Au-delà de la feymania, des jeunes sont tentés par la corruption, la prostitution sexuelle, le vandalisme, la tricherie, des pratiques sectaires, le vol, etc. La Cameroun a été plusieurs fois classé champion du monde de la corruption par l’ONG allemande Transparency International. En 2006, la campagne de lutte contre la corruption et le détournement de deniers publics a été lancée. Le bilan affiche aujourd’hui tout un gouvernement en prison, coiffé d’un Premier ministre. Mais avant leur mise en détention, ces personnalités ont eu le temps de frapper l’imaginaire des citoyens par leur richesse hors de proportion.
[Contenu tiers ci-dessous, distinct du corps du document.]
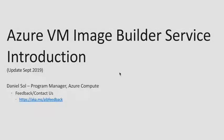Hi there, and welcome to the Azure VM Image Builder service. This is an introduction to the service, discussing its capabilities, how it works, and how you can get started.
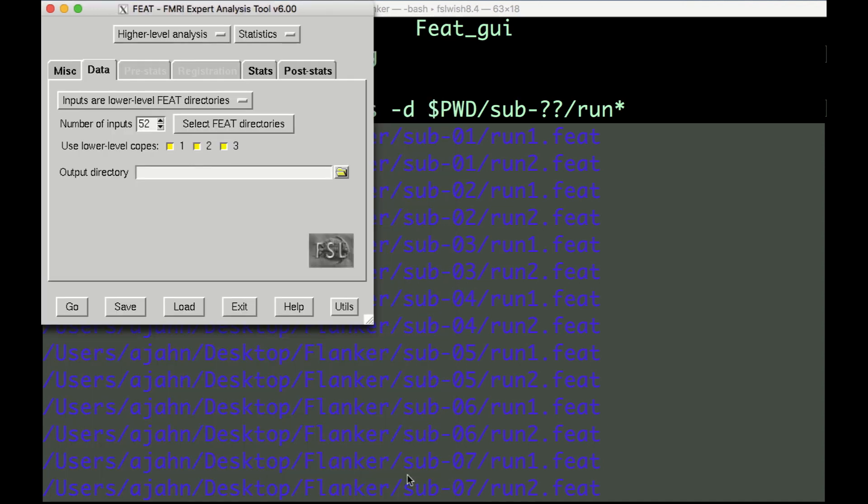When it's finished, in the Data tab, you will see that there are now three lower-level COPs that you can choose to analyze.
Quoique répressive et dissuasive dans son essence, cette campagne ne semble pas toucher véritablement ceux qui sont aux affaires. Comment comprendre, par exemple, qu’un inspecteur des impôts dont le salaire avoisine à peine 250 000 FCFA par mois s’autorise un train de vie princier et que le procureur de la République, sur qui pèse un lourd soupçon permanent de corruption, ne s’en émeuve pas?
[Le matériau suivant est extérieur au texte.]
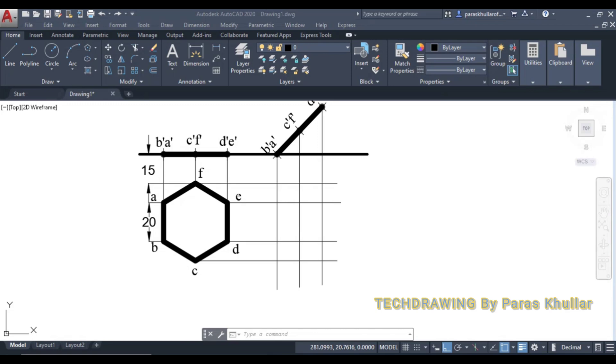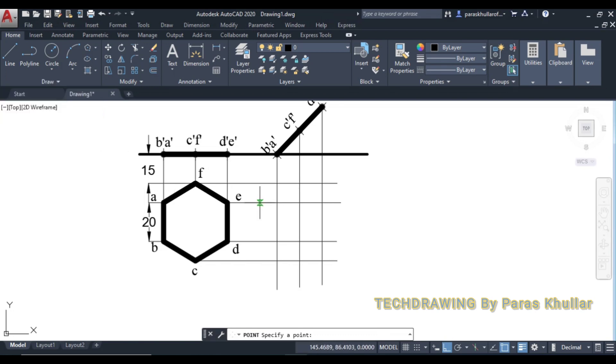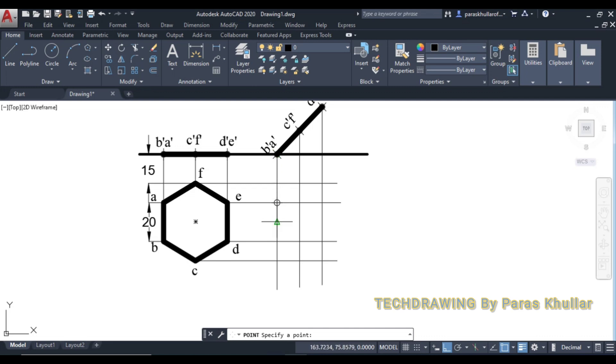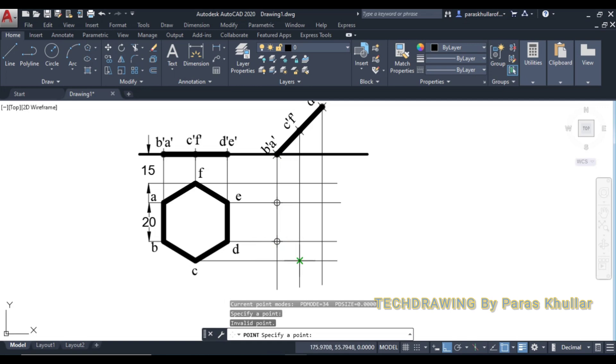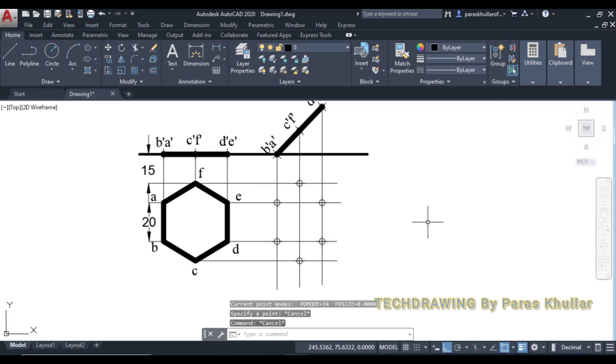Now you can see these projection lines are intersecting each other. So let us match the corresponding points and mark the points. Like this is the line coming from A, and this is the line coming from A dash. So this will be A1. So we'll name it afterwards. B and B dash, so this will be B1. C and C dash, C1. D1, E1, and F1.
A côté de la corruption endémique à laquelle s’adonnent autant les « grands » que les « petits », le prostitution sexuelle est l’une des pratiques qui érodent les idéaux républicains. Au Cameroun en effet, elle n’est pas officiellement légalisée, mais officieusement pratiquée à grande échelle. Presque devenue un métier, la corruption est l’un des produits d’exportation du Cameroun. La légende de ces femmes qui se prostituent en Suisse, aux Îles Caïmans, à Singapore, à Bangalore, à Turin… et qui reviennent gratifier nos cités d’immeubles ultramodernes est bien vivace dans l’esprit des jeunes filles.

 

 

Aller au ciel sans mourir!

 

Dans le système de formation en général et à l’université en particulier, les étudiants sont régulièrement passés au conseil de discipline pour tricherie. Beaucoup sollicitent des notes sexuellement transmissibles. Certains enseignants, ainsi que le relève le Pr. Jean Emmanuel Pondi, sont passés maitres dans le harcèlement sexuel. Ce capharnaüm est une promesse de ce que la vie de ces jeunes sera demain. Ils sont marqués, comme l’observait le président de la République, Paul Biya, lors du mouvement populaire de revendication sociopolitique de fin février 2008, par le gain facile. Presque tous veulent devenir riches sans travailler, avoir le pouvoir sans le conquérir, être puissants sans honnêtement faire leurs armes, bref aller au ciel sans mourir. Une bonne majorité pense que l’on ne peut plus réussir à un concours sans monnayer ou sans qu’un parent bien placé dans les cercles vissés et viciés du pouvoir n’intervienne. Quelques-uns s’imaginent que l’on ne peut plus prétendre à une promotion sans se livrer à des incantations, y compris en pratiquant l’homosexualité. Rares sont ceux qui croient encore aux vertus du boulot, au sens où Voltaire disait que le travail éloigne de nous trois grands maux : l’ennui, le vice et le besoin. Et pourtant, il faut cultiver notre jardin, notre propre jardin. /

 

 

Marius M. FONKOU, Etudiant d’Histoire.